COLLECTED DATA ->
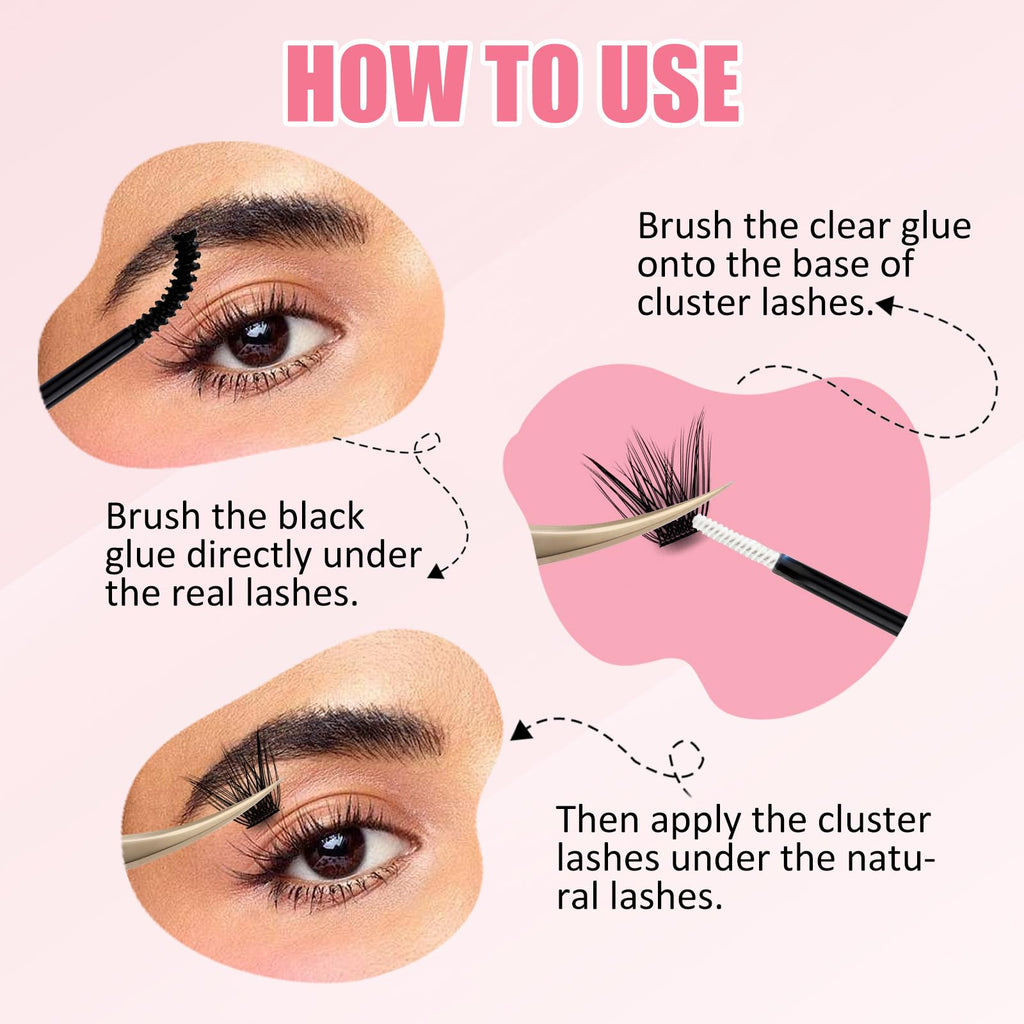FADLASH 2-in-1 Cluster Lash Glue – Black & Clear, 72h Waterproof Hold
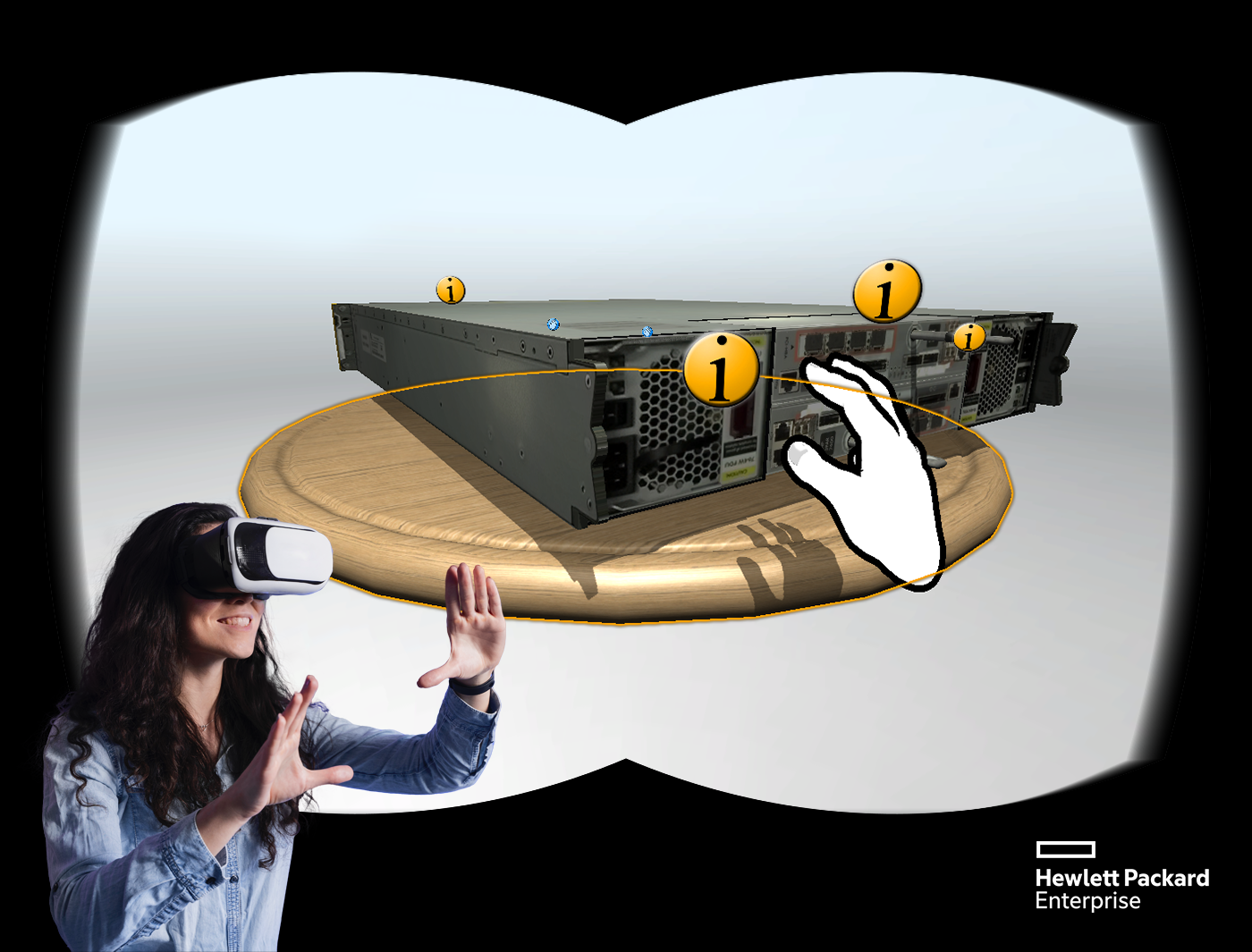 Designing Digitally - A person wearing a VR headset interacts with a virtual model of a Hewlett Packard Enterprise server, similar to using 3D repair simulators, pointing at information icons displayed on the server. Designing Digitally -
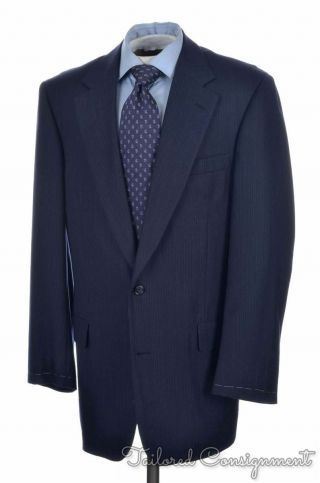 Nwt - Brooks Brothers Vtg Blue Striped 100 Wool Jacket Pants Suit Mens - 42 L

TASK DIRECTIONS -> Would you output the data above exactly as written, but with no images?

OUTPUT FOR THIS EXERCISE ->
FADLASH 2-in-1 Cluster Lash Glue – Black & Clear, 72h Waterproof Hold
 Designing Digitally - A person wearing a VR headset interacts with a virtual model of a Hewlett Packard Enterprise server, similar to using 3D repair simulators, pointing at information icons displayed on the server. Designing Digitally -
 Nwt - Brooks Brothers Vtg Blue Striped 100 Wool Jacket Pants Suit Mens - 42 L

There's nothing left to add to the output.